I suppose I should have made it more clear that I was referring to the 30 year period he & I are familiar with in the Las Vegas venue.

The only fatality due to a mishap in all those years was that of Hank Vidauri. It occurred at the Flamingo Hotel during a rigging maintenance/repair call. Jeff Daniels could tell us the exact detail, were he here, but my skectch recall is that Hank was working on or around the proscenium and it might have something to do with the main. He either stepped from a piece of portable support equipment or from the grid and fell to the stage ice/floor below.

One of the difficulties I recall back in the day were road troupes bringing shows in without, what WE considered, proper gear and then insisting we use it despite having it explained to them why it was not safe to do so. I have declined to do so and threatened to pull the crew under my direction if they would not agree to allow us to have the proper gear brought to the site in order to proceed.

Fortunately, they all, eventually, agreed to allow us to do it our way and I never had a mishap with any setup I personally worked on. 

I can't even recall hearing about one during those years, and believe me, in a local of merely 1000 +/- people, and I knew everyone of them back then, I would have heard about.

And you can bet, if we'd had any, Chicago & New York would have heard about it, too.

Not everything that happens in Vegas, stays in Vegas.
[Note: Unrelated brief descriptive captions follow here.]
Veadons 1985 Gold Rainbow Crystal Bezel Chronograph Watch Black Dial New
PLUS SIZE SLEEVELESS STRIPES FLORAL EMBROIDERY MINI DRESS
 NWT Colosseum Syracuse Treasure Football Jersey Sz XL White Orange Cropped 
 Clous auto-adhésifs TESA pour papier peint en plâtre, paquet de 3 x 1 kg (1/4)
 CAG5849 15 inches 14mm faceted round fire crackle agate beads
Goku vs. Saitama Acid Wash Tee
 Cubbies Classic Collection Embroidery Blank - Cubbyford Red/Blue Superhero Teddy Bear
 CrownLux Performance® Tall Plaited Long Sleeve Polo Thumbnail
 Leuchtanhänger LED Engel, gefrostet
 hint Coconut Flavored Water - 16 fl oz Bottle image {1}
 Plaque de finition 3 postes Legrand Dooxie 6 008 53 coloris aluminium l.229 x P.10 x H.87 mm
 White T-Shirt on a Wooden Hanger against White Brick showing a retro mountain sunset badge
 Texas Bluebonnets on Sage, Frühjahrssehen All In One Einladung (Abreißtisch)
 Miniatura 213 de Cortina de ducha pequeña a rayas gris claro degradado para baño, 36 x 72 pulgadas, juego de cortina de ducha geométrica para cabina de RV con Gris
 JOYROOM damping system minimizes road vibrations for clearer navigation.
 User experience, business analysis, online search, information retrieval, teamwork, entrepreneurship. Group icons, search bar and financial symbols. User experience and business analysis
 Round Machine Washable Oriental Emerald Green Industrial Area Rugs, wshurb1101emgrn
The worst thing I can ever recall is a few times that guys would step, or kneel, through a false ceiling tile while running cable or hanging chain motors.


----------



## askiboot (Jul 26, 2009)

I heard from a french Newspaper that there were two that died, a 60ish frenchman and a 30ish Englishman, I also heard that Madonna is visiting the family of the frenchman and going to the hospital of the other injured. It is sad that these people died, but I think we need to learn from this, figure out what went wrong, and make sure it never happens again.